Recently, the GCC states have sought to unify the general administrative regulations of industrial establishments in the region. The objective is to speed the process of industrial development and enable integration amongst GCC nations. To accomplish these objectives, the Unified Industrial Regulations Law, RD 61/2008 (the “UIR Law”), and its accompanying Executive Regulations, MD 46/2009, were passed in Oman. The UIR Law and the Executive Regulations have set out a harmonized framework for the administration of GCC industrial projects.

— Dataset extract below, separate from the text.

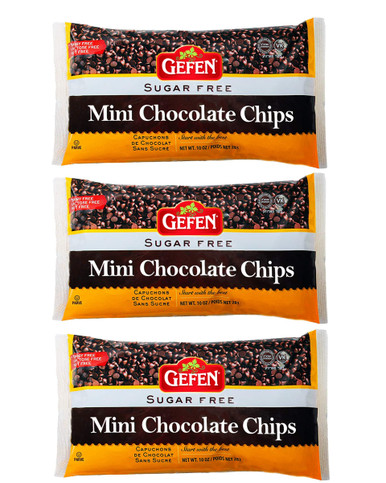 Gefen Zucker frei Mini Schokolade Chips, 10oz (3 Packung)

First, the UIR Law and Executive Regulations provide a definition for “industrial establishment,” which includes all plants at which some sort of transformation of a product takes place. The definition includes establishments involving assembling, mixing, compiling, separating, processing or packaging, provided that machinery is involved in these steps. This defines the scope of the UIR Law and the projects to which it will apply.

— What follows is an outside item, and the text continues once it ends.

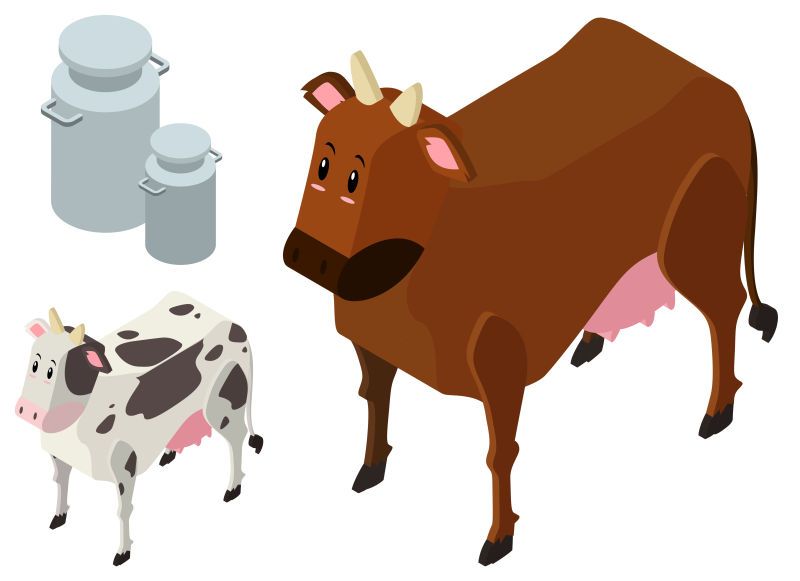 抽象矢量现代奶牛等距插图设计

In addition, the UIR Law requires anyone wishing to establish, modify, improve, expand, merge or divide an industrial establishment to obtain a license from MCI. The Executive Regulations set out the procedures and documents required for obtaining the license.
The UIR Law also provides an industrial register, similar to a commercial register, which will include information on all industrial projects.
Certain establishments are exempt from the requirements of the UIR Law, including projects that are governed specifically by special separate laws or treaties, or projects that are carried out solely by the government or any of its entities without the participation of private-sector entities. In addition, the UIR Law specifies that mineral ore extraction and oil extraction are exempt from the requirements of the UIR Law.
While this regulatory framework is new and its implications are still emerging, it should provide greater cohesion amongst large industrial projects in the GCC region and facilitate the transfer and sharing of information about projects.